### What to produce:
From the first record to the last, write out each one exactly.

### Dataset content:

..............................

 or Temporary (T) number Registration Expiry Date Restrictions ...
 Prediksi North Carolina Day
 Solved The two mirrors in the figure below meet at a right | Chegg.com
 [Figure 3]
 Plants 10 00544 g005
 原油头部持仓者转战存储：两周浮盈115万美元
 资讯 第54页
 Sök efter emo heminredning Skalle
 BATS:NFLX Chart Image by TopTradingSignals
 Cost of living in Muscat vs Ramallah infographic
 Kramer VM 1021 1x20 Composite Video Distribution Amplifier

..............................

### Solution to the problem:
 or Temporary (T) number Registration Expiry Date Restrictions ...
 Prediksi North Carolina Day
 Solved The two mirrors in the figure below meet at a right | Chegg.com
 [Figure 3]
 Plants 10 00544 g005
 原油头部持仓者转战存储：两周浮盈115万美元
 资讯 第54页
 Sök efter emo heminredning Skalle
 BATS:NFLX Chart Image by TopTradingSignals
 Cost of living in Muscat vs Ramallah infographic
 Kramer VM 1021 1x20 Composite Video Distribution Amplifier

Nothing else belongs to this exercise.